On page 204 of the book, it reads "Rounds can represent roughly a minute or so in time, although the elapsed time is deliberately not specified."
Personally, I choose to GM a 5-10 second round since it far, far, far better represents the maximum 2 maneuvers any PC can perform in any single round.
But my question is this: Why did this version of the role playing game have text saying "one minute"? All the previous books had a very specific time: 6 seconds.
Why do I think this a problem? Because while it's true that some actions in combat (especially some that involve the Force) should take a complete minute (or longer) to perform, most of the other actions/maneuver can easily be accomplished multiple times in that same time span.
Example: Run to the end of a football field. The average person can do so in about 30 seconds while an Olympic athlete can do it in just over 10 seconds (for men, 11 seconds for women). In this game, I would judge a football field, from one end to another, to be about 3 range bands. And yet, a PC cannot run half that distance in one minute (one Round)!

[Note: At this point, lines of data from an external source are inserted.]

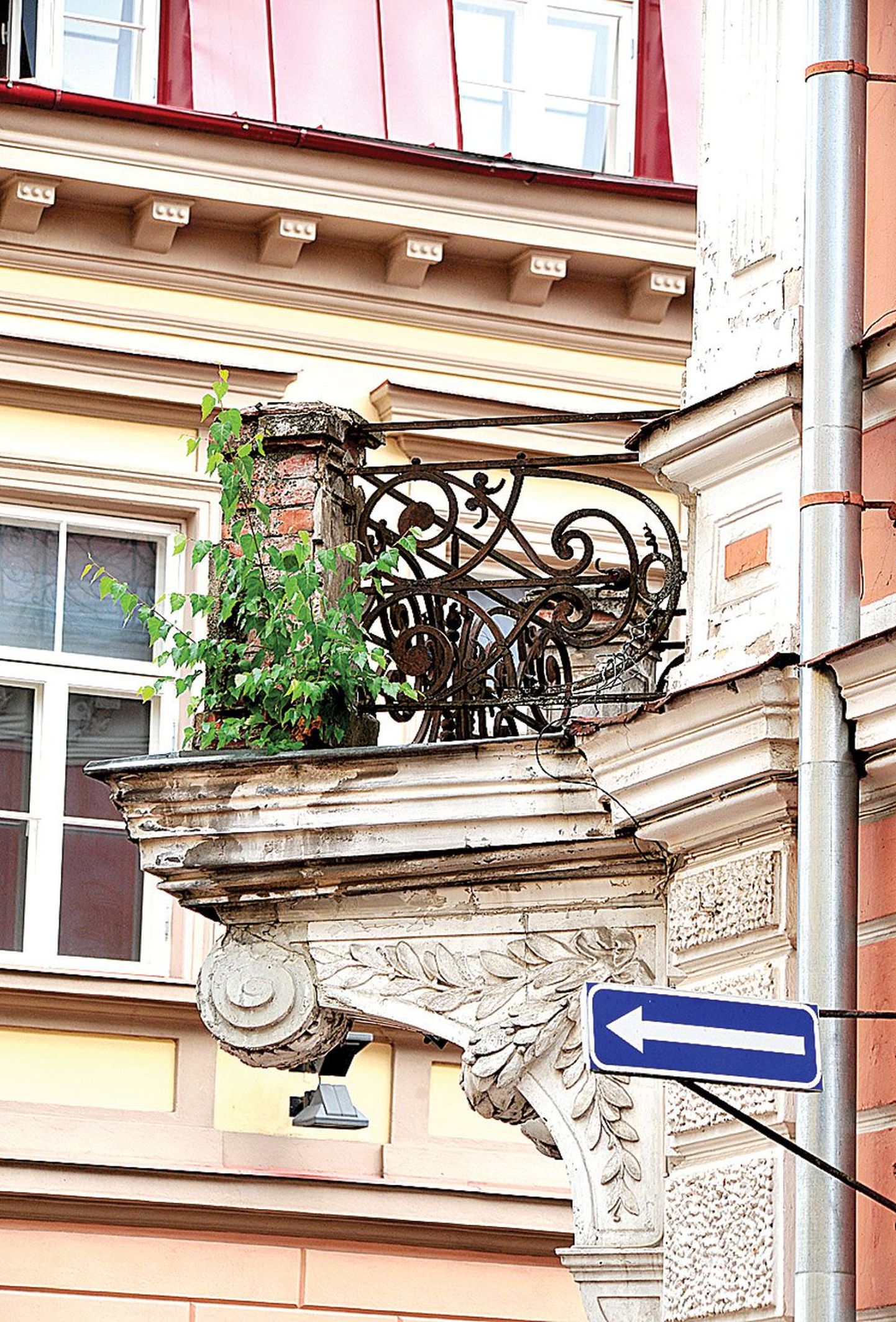 Tuulest toodud seeme on sirgunud väikeseks puuks Tartu kesklinnas Rüütli ja Munga tänava nurgal asuva maja teise korruse rõdul.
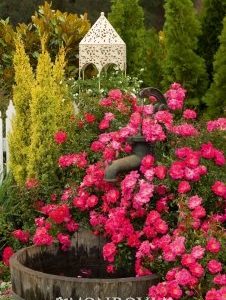 Rosa x Flower Carpet Pink Supreme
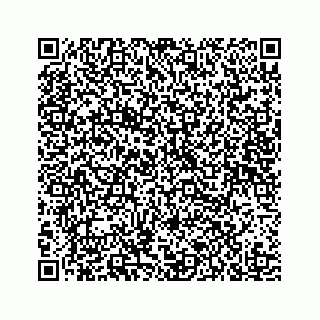 vCard 78185256131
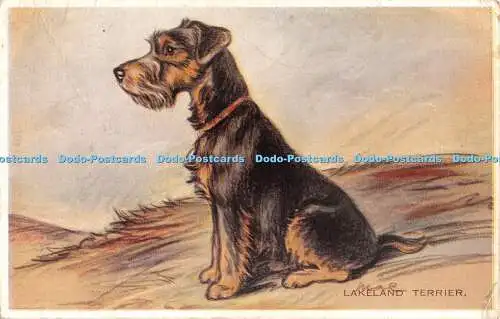 R466278 Lakeland Terrier Valentine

Another place this comes up is when we talk about parry and reflect. Virtually everyone agrees that, since reflects do not... umm... reflect (at least the way we see them do it in the movies), the idea is that the baddies shot multiple times and they reflected most but not all of the bolts... OK..... When I control the baddies and I don't use multi-shot, when I only target one person, or I use an aimed shot or a sniper shot, nobody at the table then believes that the bad guy shot multiple times over the course of one minute. He shot once. Once. So, reflect either reflects it away or it doesn't. Wait!! You are saying the bolt DID reflect but then reflected BACK into the Force user! OK... What if the PC has Improved Reflect??? In that case, he reflects the shot into himself which then bounces off himself and hits the bad guy?
You see my issue.... If rounds were set at 5-10 seconds, we now rightly believe, one shot, one reflect. If the round was 5-10 seconds, the 2 maneuver limit makes a lot more sense.
In this forum, I see far too many GMs sticking solidly to a one minute round when the book doesn't even suggest it. It itself says "the elapsed time is deliberately not specified." So, even though I run my games at 5-10 second combat rounds, it seems I'm not the norm and most are sticking to 1 minute.
So, I would like to hear from you guys. Why, oh why, was the 6 second combat rule canned and why do so many GMs appear to use 1 minute combat rounds? Thanks!